Honeycomb structures, one of nature's unique designs, are widely used in such diverse applications as automotive, packaging, high-pressure containers, lightweight aerospace wing panels and engine nacelles, and high-temperature turbine seals for ground power and aircraft jet engines, taking advantage of honeycomb's high structural strength with minimum weight.
In the gas-turbine industry, honeycomb is used primarily in shaft-type labyrinth seals and rotating (rotor) blade shroud seals. This article focuses on the latter, and more specifically, on the use of open-face metallic honeycomb structures in high-temperature gas-turbine seal applications in aircraft jet engines and in industrial ground-power gas/steam applications. Figure 1 shows some typical honeycomb made of Hastelloy X (AMS 4436) used in high-temperature applications.
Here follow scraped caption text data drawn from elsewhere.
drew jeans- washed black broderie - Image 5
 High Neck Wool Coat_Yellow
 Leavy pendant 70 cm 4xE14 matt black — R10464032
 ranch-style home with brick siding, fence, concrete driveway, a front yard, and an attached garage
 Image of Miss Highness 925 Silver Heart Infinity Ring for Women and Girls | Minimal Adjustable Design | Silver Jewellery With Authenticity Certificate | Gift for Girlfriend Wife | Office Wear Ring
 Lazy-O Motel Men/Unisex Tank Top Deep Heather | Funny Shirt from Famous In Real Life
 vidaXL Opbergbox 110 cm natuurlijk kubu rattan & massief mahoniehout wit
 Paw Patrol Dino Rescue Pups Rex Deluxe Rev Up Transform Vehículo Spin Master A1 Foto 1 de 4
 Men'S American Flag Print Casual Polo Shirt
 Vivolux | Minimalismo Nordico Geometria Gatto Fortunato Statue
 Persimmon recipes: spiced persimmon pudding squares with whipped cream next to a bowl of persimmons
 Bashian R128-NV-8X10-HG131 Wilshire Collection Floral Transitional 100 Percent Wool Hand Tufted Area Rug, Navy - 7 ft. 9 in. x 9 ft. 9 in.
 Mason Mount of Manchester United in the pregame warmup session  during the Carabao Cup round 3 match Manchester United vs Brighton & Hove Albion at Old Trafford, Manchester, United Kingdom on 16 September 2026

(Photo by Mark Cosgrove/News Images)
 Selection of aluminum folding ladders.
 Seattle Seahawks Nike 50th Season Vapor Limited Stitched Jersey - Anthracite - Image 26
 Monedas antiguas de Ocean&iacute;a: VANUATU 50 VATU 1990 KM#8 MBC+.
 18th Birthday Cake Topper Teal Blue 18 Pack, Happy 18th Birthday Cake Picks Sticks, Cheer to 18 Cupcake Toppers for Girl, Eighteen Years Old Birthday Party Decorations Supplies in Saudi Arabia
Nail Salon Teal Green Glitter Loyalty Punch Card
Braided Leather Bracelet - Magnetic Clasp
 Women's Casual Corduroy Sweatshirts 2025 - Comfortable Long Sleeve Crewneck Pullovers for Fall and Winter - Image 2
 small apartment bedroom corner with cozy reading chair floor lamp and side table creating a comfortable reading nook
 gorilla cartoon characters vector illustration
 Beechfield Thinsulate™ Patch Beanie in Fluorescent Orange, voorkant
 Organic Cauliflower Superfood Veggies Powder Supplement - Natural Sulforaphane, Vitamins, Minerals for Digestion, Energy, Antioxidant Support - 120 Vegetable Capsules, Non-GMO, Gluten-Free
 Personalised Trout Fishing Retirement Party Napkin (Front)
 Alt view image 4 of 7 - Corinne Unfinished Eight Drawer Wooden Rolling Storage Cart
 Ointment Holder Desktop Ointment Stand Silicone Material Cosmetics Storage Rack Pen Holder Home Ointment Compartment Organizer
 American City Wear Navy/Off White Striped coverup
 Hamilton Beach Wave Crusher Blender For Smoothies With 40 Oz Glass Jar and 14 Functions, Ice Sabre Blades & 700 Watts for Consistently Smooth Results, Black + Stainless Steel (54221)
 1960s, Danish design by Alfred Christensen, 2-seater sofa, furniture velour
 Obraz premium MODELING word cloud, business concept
Honeycomb cell size used in such applications typically varies from about 0.031 to 0.125 in. (0.8 to 3 mm) diameter. The depth of finish-machined honeycomb varies from less than 0.062 to 0.5 in. (1.5 to 13 mm) or greater. Figure 2 shows some typical spot-welded nodes between the honeycomb cells. Because they form capillary paths, these vertical nodes are brazed during the brazing cycle in addition to the joint that forms between the base of the honeycomb and the backing member (support ring, etc.) to which it is being joined.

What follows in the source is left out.